Um das Ganze noch zu toppen, muss man dann nur noch – wie ich – die Autobahn von Granada nach Motril nehmen. Die Schönheit der Gegend trieb mir tatsächlich die Tränen in die Augen. Die schneebedeckten Berge der Sierra Nevada links und rechts ein Stausee – wundervoll!

Dabei bin ich ja überhaupt kein Freund vom Autobahnfahren – aber wie gesagt, dieses Mal war ja eine Ausnahme und ich bereue es nicht.

DunstSchade war lediglich das Wetter – es war ziemlich diesig.

Als ich endlich bei Almuñécar das Mittelmeer erreichte, war es vor lauter Dunst nicht zu sehen. Aber ich war ja auch fast wieder „zuhause“ und da kann ich mir das Meer wieder jeden Tag anschauen.

 

Gegen 18 Uhr erreichte ich endlich Familie und Freunde in Torrox.
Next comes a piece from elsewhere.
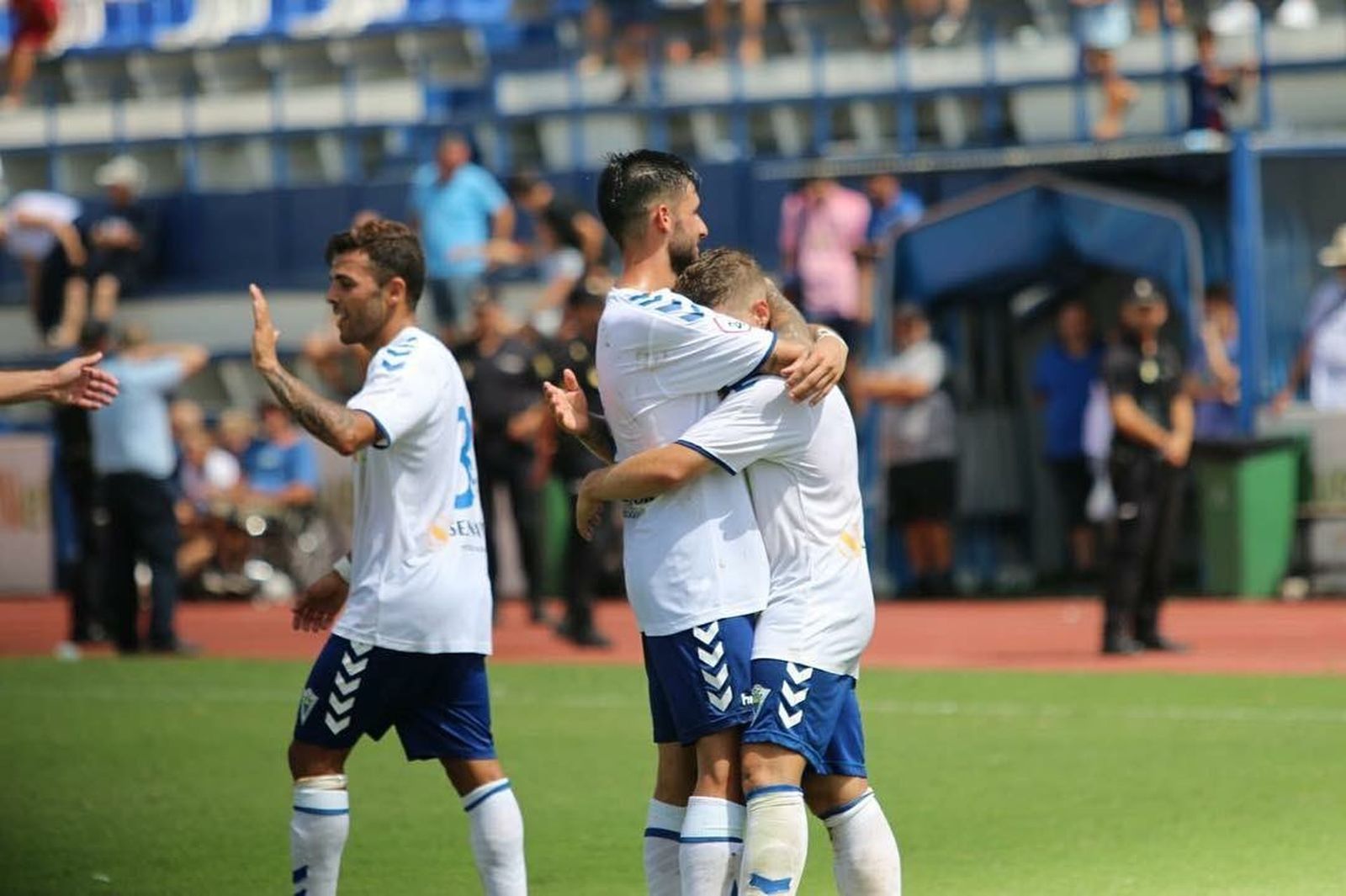 Los jugadores del Marbella celebran un gol.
Die Begrüßung war der Hit. Alle tanzten vor Freude vorm Auto rum und Oli dreht sogar ein Video.

Familie

Nun bin ich also wieder in meiner Wahlheimat für die nächsten 2 Monate oder so. Demnächst schreibe ich dann noch einen Bericht über die Kosten der Fahrt und mache eine Gegenüberstellung von Mautfrei nach Spanien und Autobahnfahrt mit Maut.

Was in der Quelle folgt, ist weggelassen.